GIVEN MATERIAL Start Marker

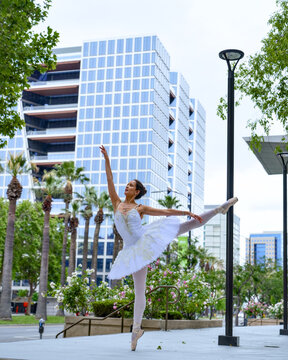 Ballet dancer in white tutu executing dramatic extension outdoors with urban skyline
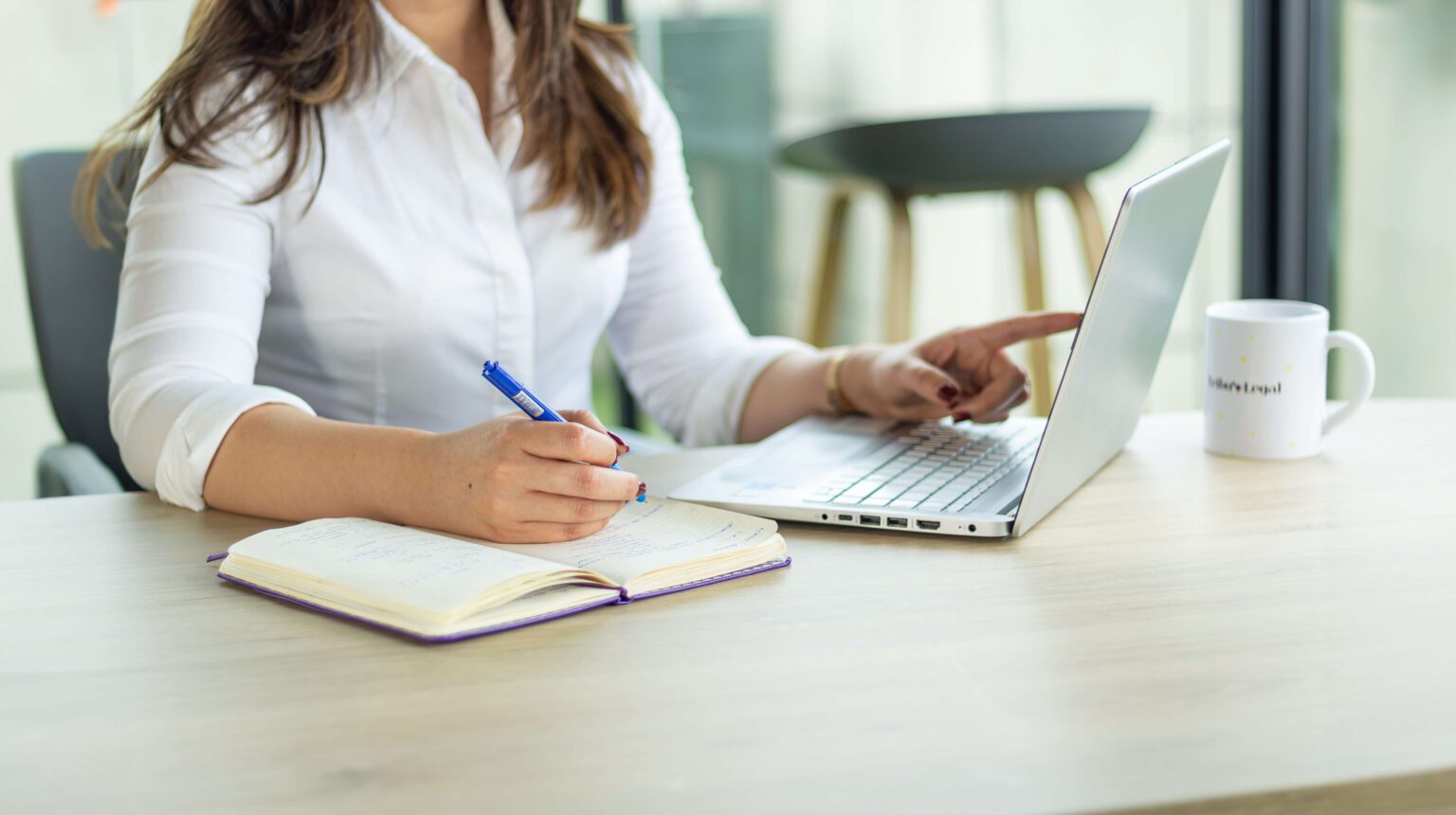 a woman sitting at a desk with a laptop and a notebook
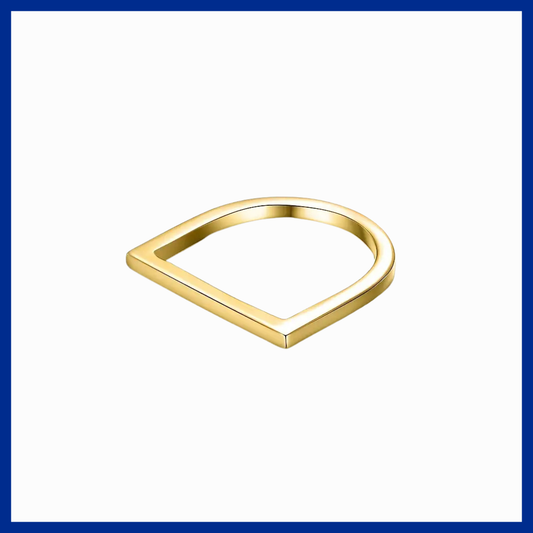 Gold ring with a unique geometric design on a white background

GIVEN MATERIAL End Marker

With images omitted, retype the data word for word.

 Ballet dancer in white tutu executing dramatic extension outdoors with urban skyline
 a woman sitting at a desk with a laptop and a notebook
 Gold ring with a unique geometric design on a white background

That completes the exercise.